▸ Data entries
%%

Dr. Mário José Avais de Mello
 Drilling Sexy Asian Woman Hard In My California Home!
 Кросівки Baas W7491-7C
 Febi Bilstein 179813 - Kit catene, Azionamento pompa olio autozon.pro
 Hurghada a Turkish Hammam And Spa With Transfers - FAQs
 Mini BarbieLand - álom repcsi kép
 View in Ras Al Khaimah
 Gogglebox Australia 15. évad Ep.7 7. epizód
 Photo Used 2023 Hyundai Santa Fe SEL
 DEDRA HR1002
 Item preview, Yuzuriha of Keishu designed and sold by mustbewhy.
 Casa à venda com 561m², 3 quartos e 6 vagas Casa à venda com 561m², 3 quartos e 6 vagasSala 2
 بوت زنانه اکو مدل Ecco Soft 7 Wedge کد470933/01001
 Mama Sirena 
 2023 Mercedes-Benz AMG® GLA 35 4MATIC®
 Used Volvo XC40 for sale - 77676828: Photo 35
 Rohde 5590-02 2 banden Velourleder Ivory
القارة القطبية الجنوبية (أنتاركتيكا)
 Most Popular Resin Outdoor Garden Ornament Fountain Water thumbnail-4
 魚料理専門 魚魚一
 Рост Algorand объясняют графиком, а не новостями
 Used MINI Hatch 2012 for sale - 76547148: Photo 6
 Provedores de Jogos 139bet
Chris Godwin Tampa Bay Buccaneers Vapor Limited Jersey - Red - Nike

%%

▸ To do
Look through the entries and return every line where "Used" appears.

▸ Exercise response
 Photo Used 2023 Hyundai Santa Fe SEL
 Used Volvo XC40 for sale - 77676828: Photo 35
 Used MINI Hatch 2012 for sale - 76547148: Photo 6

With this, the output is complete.